Jonathan Randall said:
			
		

> Very dangerous and bad for adults or minors, or both? Please clarify. I agree wholeheartedly that parents should restrict and monitor their children's Internet experience, but consenting adults are different. Agree?


 
Once a person is past eightteen .... it is no concern of mine.

We haven't seen Dateline doing expose's on adults meeting for sex from online meetings .... although I'm sure that's happening too.

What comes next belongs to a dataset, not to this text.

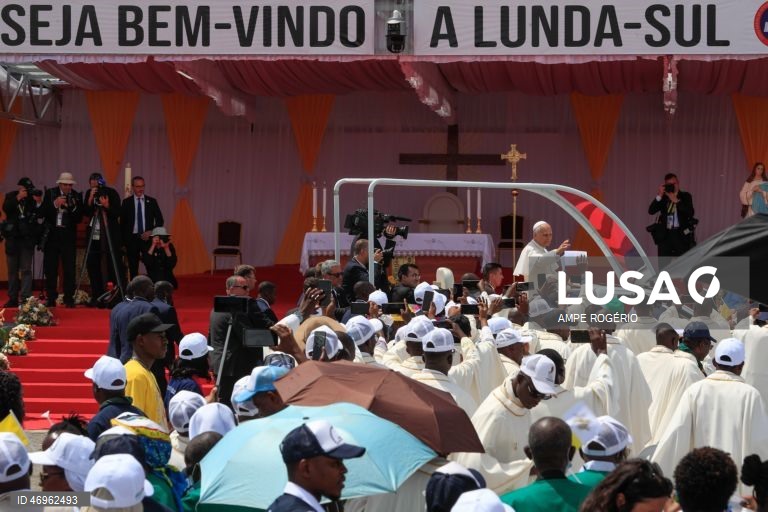 Angola: Papa Leão XIV prossegue viagem apostólica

That it is owned by Rupert Murdoch, also just sort of sticks in my craw.


----------



## theletch1 (May 7, 2006)

Seems like everytime I turn around I'm hearing another story where a child of twelve or so was abducted, raped and so forth by someone they met on myspace.  The recent attempted highschool killing spree in the mid-west was discussed by the attackers on myspace.  I'm one of the folks that think that that site needs some sort of age verification before allowing anyone to be a part of it.


----------



## Makalakumu (May 7, 2006)

In a way, everything is dangerous.  Why should myspace be any different?  It's easy to get caught up in the "culture of fear" that our society promotes.


----------



## Bob Hubbard (May 7, 2006)

I've got accounts on myspace, livejournal, deviant art and model mayhem.
I pop in occasionally, but really find them more annoying than useful.


----------



## BrandiJo (May 7, 2006)

i have a myspace, i dunno if its bad...you just have to be careful with the information you put out there. but you can find me at www.myspace.com/jojbrandi if ya would like


----------



## Rich Parsons (May 7, 2006)

michaeledward said:
			
		

> Very Dangerous and Bad!!!
> 
> Massachusetts recently floated the idea of restricting access to any persons under the age of 18. I fully support it.
> 
> ...




MichaelEdward,

I think the internet is a bad place for children no matter what the site. 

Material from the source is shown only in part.